Oleh: Dr. Rd. Ahmad Buchari, S.IP., M.Si
SAMBASNEWS.id – Korupsi dan Kekuasaan ibarat dua sisi dari satu mata uang. Korupsi selalu mengiringi perjalanan kekuasaan dan sebaliknya kekuasaan merupakan pintu masuk bagi tindak korupsi. Inilah hakikat dari pernyatan Lord Acton Power tends to corrupt and adsolute power corrupt absolutely (kekuasaan itu cenderung korup, dan kekuasaan yang absolut cenderung korup secar absolut).

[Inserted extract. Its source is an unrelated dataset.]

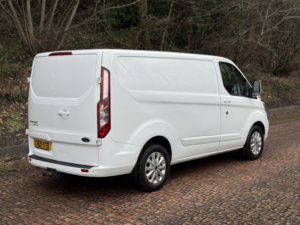 2021 Ford Transit Custom 2.0 Transit Custom Limited Van 300 L1 2.0l Ecoblue 130ps Fwd 6 Speed Manual in White — image 2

Berdasarkan data Komisi Pemberantasan Korupsi (KPK), tak kurang sudah 176 kepala daerah tersandung permasalahan hukum. Terakhir dan saat ini adalah adalah Gubernur Papua, Lukas Enembe. Bagaimana tidak, di balik dugaan gratifikasi Rp 1 miliar yang disangka KPK ternyata turut ditemukan adanya aliran dana tak wajar yang mencapai setengah triliun rupiah. Jika kemudian tudingan dan temuan KPK terbukti, maka Lukas bisa dianggap kepala daerah paling korup sepanjang sejarah.
Merujuk pada pernyataan Menteri Koordinator Bidang Politik Hukum dan Keamanan, Mahfud MD, Lukas disinyalir melakukan penyelewengan anggaran operasional pimpinan dan pengelolaan Pekan Olahraga Nasional. Dalam konteks ini menjadi menarik jika dibenturkan dengan isu efektivitas pengawasan oleh inspektorat daerah. Sebab, aliran dana tak wajar Lukas bukan baru-baru ini terdeteksi, melainkan sejak tahun 2017 sebagaimana disampaikan Ketua Pusat Pelaporan Analisis Transaksi Keuangan. Hal itu menandakan selama lima tahun ke belakang praktis peran inspektorat lemah sebagai aparat pengawas internal pemerintah provinsi Papua sekaligus benteng awal preventif praktik korupsi.
Tidak cukup itu, sekalipun terdengar klasik namun faktor yang kerap menjadi motif kepala daerah terjerumus praktik korupsi adalah biaya politik tinggi. Misalnya saja, berdasarkan temuan Kementerian Dalam Negeri beberapa tahun lalu, anggaran yang harus disediakan calon kepala daerah bisa puluhan miliar rupiah, bahkan untuk level gubernur mencapai ratusan miliar rupiah. Jika dilihat pendapatan setiap bulan, mustahil pimpinan daerah tersebut dapat mengembalikan modal yang telah dikeluarkan saat masa kampanye. Pada titik ini kemudian praktik korupsi merajalela dan berhasil menyeret ratusan kepala daerah ke proses hukum.